Directeur général du BIT de 1948 à 1970, l’Américain David Morse accompagne ce changement d’échelle. Sous son règne, le nombre de membres de l’OIT passe de 52 à 121 et celui d’employés quintuple pour atteindre plusieurs milliers. Dans le même temps, le budget annuel de l’organisation passe de 4 à 60 milliards de dollars.
Toutefois, l’intégration d’Etats membres extra-occidentaux ne va pas de soi, tant les normes édictées par l’OIT demeurent inspirées par les législations européennes. La décolonisation, qui amène beaucoup de nouveaux membres, ravive ces difficultés. L’organisation peine ainsi à concrétiser sa vocation universelle.
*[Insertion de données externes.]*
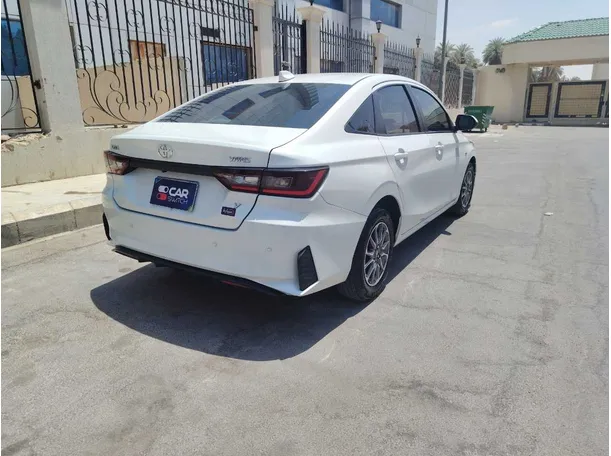 Car image 5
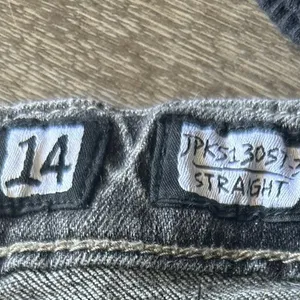 ✨ Studded Miss Me straight Jeans — Gray Wash (Youth 14) thumbnail 2
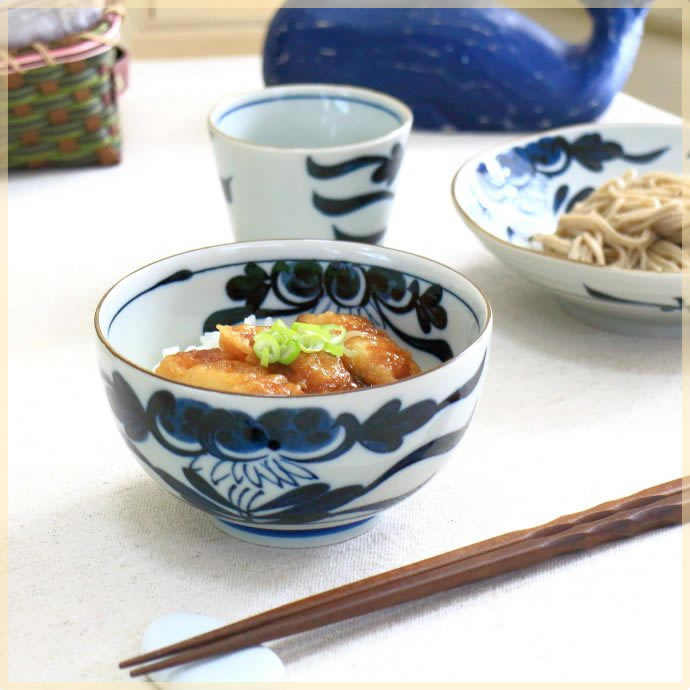 古代草花 お好み丼（小） 国産 美濃焼 うどん鉢 丼 セットどんぶり 鉢 煮物鉢 軽量食器 藍染 レトロ感 和カフェ皿 和食器  :sp-0091:セラポッケ かわいい陶器のお店 - 通販 - Yahoo!ショッピング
En marge de son extension territoriale, l’organisation élargit son activité aux politiques de développement dans les pays du Sud. L’ambitieux Programme mondial de l’emploi, lancé en 1969, s’inscrit dans cette logique. Alors que l’institution fête ses 50 ans cette même année, elle est couronnée par le prix Nobel de la paix.
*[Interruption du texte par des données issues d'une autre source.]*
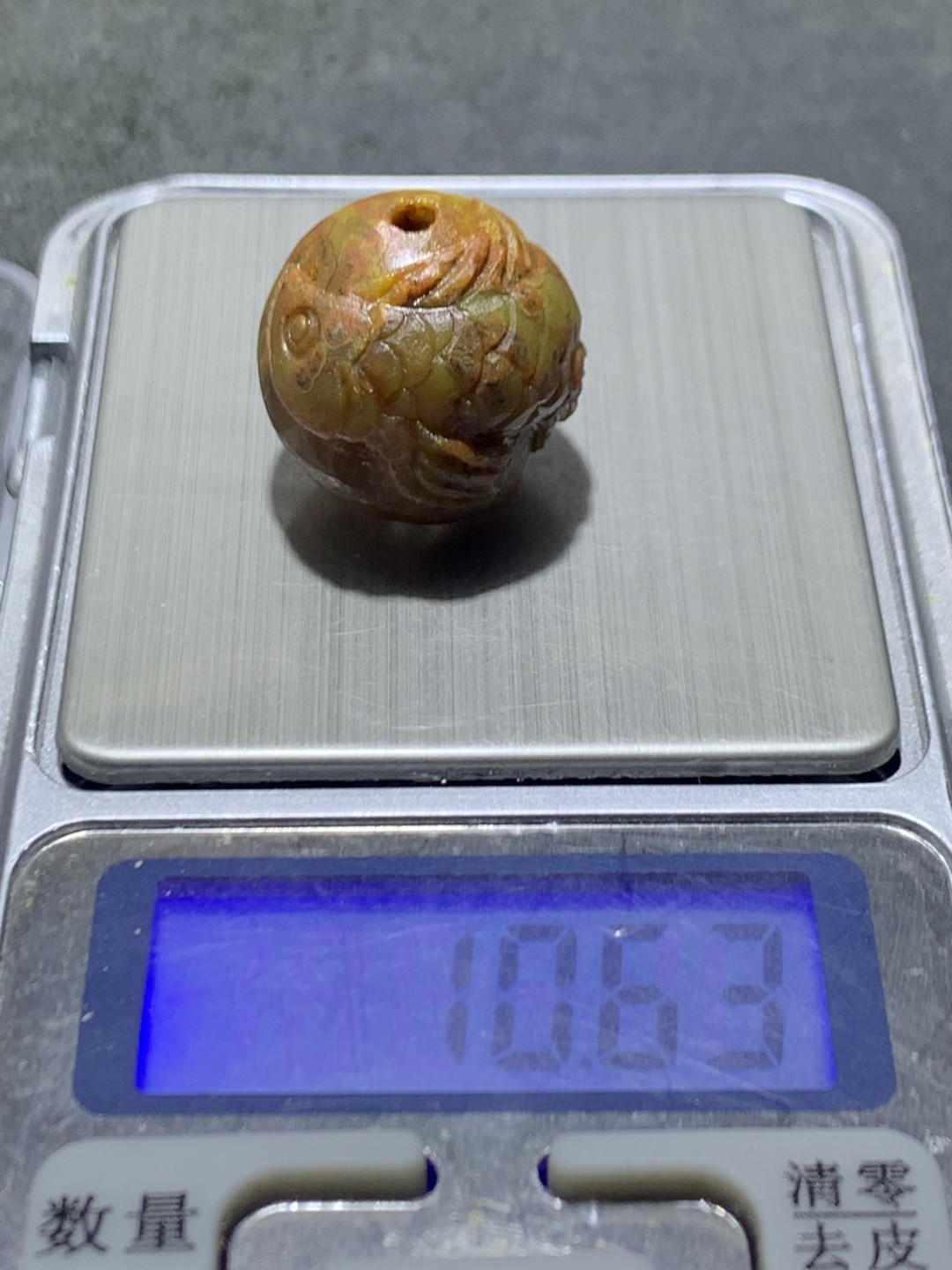 精美冰飘亚光战国红玛瑙巧雕龙鱼2.0圆珠一个，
Un nouveau paradigme s’esquisse au cours de la décennie suivante, avec les prémices de la mondialisation. Dès la seconde moitié des années 1970, «l’OIT a ainsi été confrontée à la concurrence des agences qui promeuvent les solutions visant à limiter, voire à supprimer, les régulations économiques et sociales, comme la Banque mondiale et l’OCDE», note l’historienne Sandrine Kott[1]. Cette menace ne fera que se renforcer après la guerre froide.
Le défi de la mondialisation
Les entreprises multinationales, à la mainmise grandissante, échappent en bonne partie aux conventions internationales. Le changement est aussi idéologique. «L’essor du néolibéralisme et la chute du communisme fragilisent la légitimité même de l’OIT, écrit le chercheur Cédric Leterme[2]. Pour les néolibéraux, celle-ci incarne en effet le type même d’interventionnisme qu’il leur faut combattre pour atteindre l’idéal d’un marché autorégulateur.»
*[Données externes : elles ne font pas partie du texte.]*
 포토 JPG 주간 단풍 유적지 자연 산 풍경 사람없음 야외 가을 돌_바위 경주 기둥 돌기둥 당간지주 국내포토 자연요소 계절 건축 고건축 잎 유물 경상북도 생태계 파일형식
Face au défi de la mondialisation, l’institution tente de se réformer en consolidant son arsenal normatif. Sa première réaction prend la forme d’une Déclaration relative aux principes et droits fondamentaux au travail (1998), soit un socle minimal à respecter par tous les membres (lire ci-contre). La seconde réponse vient avec l’Agenda du «travail décent», lancé en 1999, qui vise à recadrer la mission historique de l’OIT. Le concept ne fait pas l’unanimité, mais le «travail décent» intègre finalement les 17 objectifs de développement durable de l’ONU.
Malgré ce succès relatif, l’Organisation internationale du travail reste à la croisée des chemins. Pour Cédric Leterme, elle «est loin d’avoir dépassé les interrogations qui pèsent sur son avenir depuis (au moins) la fin de la guerre froide. Au contraire même, puisque entre-temps la crise économique et financière déclenchée en 2008 est venue aggraver bon nombre des problèmes auxquels elle fait face depuis lors.»
A l’heure de célébrer son centenaire, l’OIT poursuit son travail, sans sourciller. En janvier, elle publiait un imposant rapport sur «l’avenir du travail». Son objectif ambitieux résonne parfaitement avec la mission originelle de l’institution, définie un siècle plus tôt: «Parvenir à la justice sociale au XXIe siècle.» Si du chemin a été parcouru, la route est encore longue.
[1] Sandrine Kott (2018) (dir.), «La justice sociale dans un monde global. L'Organisation internationale du travail (1919-2019)», Revue Le Mouvement Social.
[2] Cédric Leterme (2016), «L’Organisation internationale du travail (OIT)», Courrier hebdomadaire du CRISP.